Vaucluse independent candidate Karen Freyer says she is inspired by her Jewish heritage and, if elected, has vowed to work with Jewish organisations to help stamp out antisemitism.

“Even though I’m not technically Jewish – my mother never converted – I’ve ironically experienced antisemitism because, like my father, I have blonde hair and blue eyes, people assume I’m not Jewish and share with me horrible antisemitic comments,” Freyer told The AJN.

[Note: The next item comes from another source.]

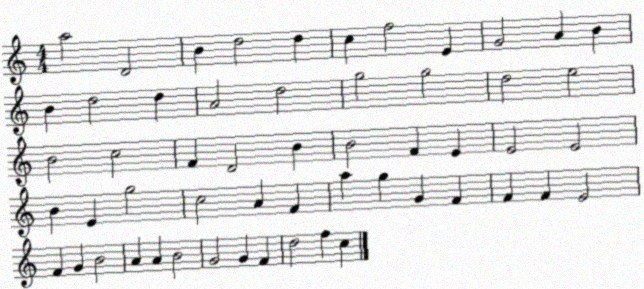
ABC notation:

“I am the child and the grandchild of Holocaust survivors and the trauma of the genocide has affected my life. I grew up hearing the stories of how my grandparents lived under floorboards throughout the war, starving. How my great-aunt, a concert pianist, survived the war by playing piano in a concentration camp. She would hide the numbers tattooed on her arm by wearing large bangles. How my father, with his blond hair and blue eyes, was ‘adopted’ by a Catholic farming family who pretended he was their son.”

Freyer said her family has a close connection to Israel and she remains a “consistent defender of Israel’s right to defend itself and its people from terrorist attacks and aggression from Hamas in Gaza”.

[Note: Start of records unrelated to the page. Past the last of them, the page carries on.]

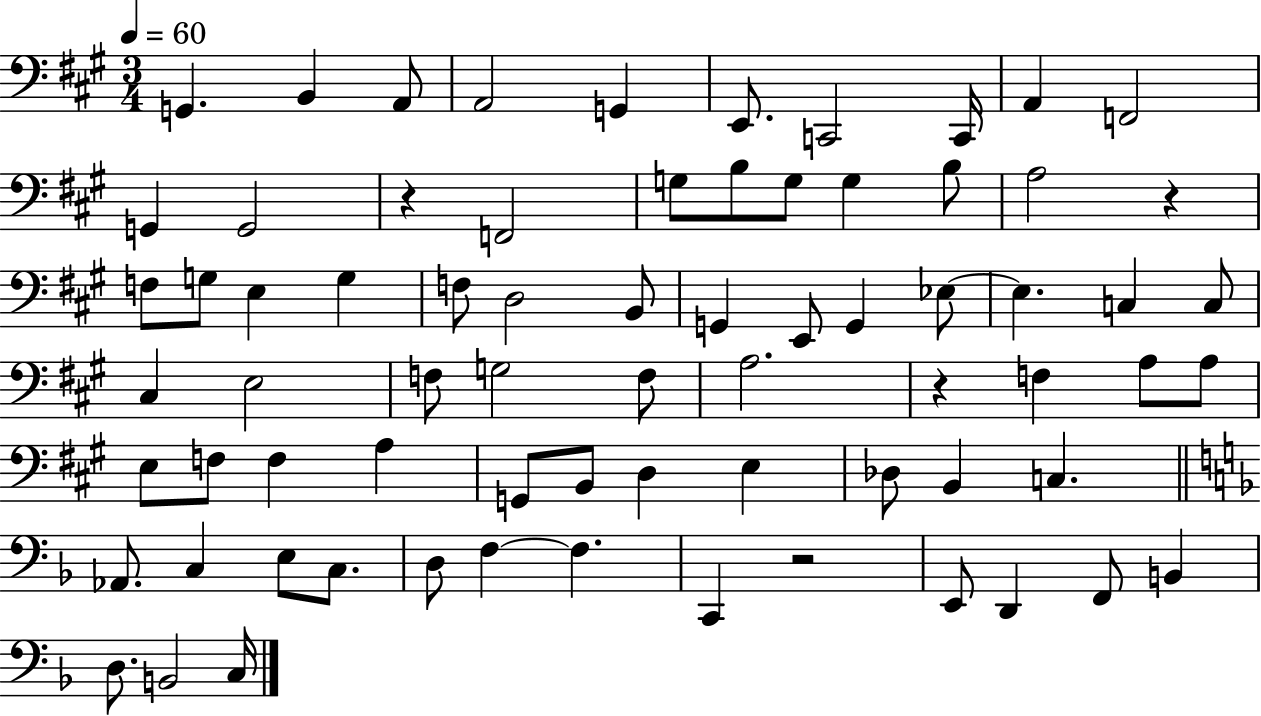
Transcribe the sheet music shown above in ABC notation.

X:1
T:Untitled
M:3/4
L:1/4
K:A
G,, B,, A,,/2 A,,2 G,, E,,/2 C,,2 C,,/4 A,, F,,2 G,, G,,2 z F,,2 G,/2 B,/2 G,/2 G, B,/2 A,2 z F,/2 G,/2 E, G, F,/2 D,2 B,,/2 G,, E,,/2 G,, _E,/2 _E, C, C,/2 ^C, E,2 F,/2 G,2 F,/2 A,2 z F, A,/2 A,/2 E,/2 F,/2 F, A, G,,/2 B,,/2 D, E, _D,/2 B,, C, _A,,/2 C, E,/2 C,/2 D,/2 F, F, C,, z2 E,,/2 D,, F,,/2 B,, D,/2 B,,2 C,/4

As for her decision to run as an independent candidate, Freyer said an independent “has the power to genuinely represent the community”.

“Unbeholden to big donors, industry lobbyists or political factions, I can bring the voices of Vaucluse directly to the State Parliament. Free from any obligation to toe the party line, I will effectively represent residents’ values and concerns – whether by introducing new legislation, raising issues for debate, or ramping up public pressure on the government of the day.”

Freyer has pledged to be guided by the community she represents if elected, with her policy priorities determined by community consultation.

As a mother of two young boys, Freyer is determined to ensure every child feels safe at school and is concerned by reports of rising antisemitic incidents in academic institutions.

“Fighting antisemitism is more important than ever,” she said.

“The last survivors are passing away. And for many of our young people, the events of the Holocaust seem to belong to a far away and distant past. Some have never even heard of it.

“Remembering the Shoah is our shared responsibility. Holocaust survivors overcame their need to forget and they spoke about the unspeakable – to prevent history from repeating itself.

“It is impressive how they continue to reach out to young people despite their age. Their stories are a testimonial to the immeasurable strength of the Jewish people. Their power of endurance. Their will to survive. We must continue to tell their stories.”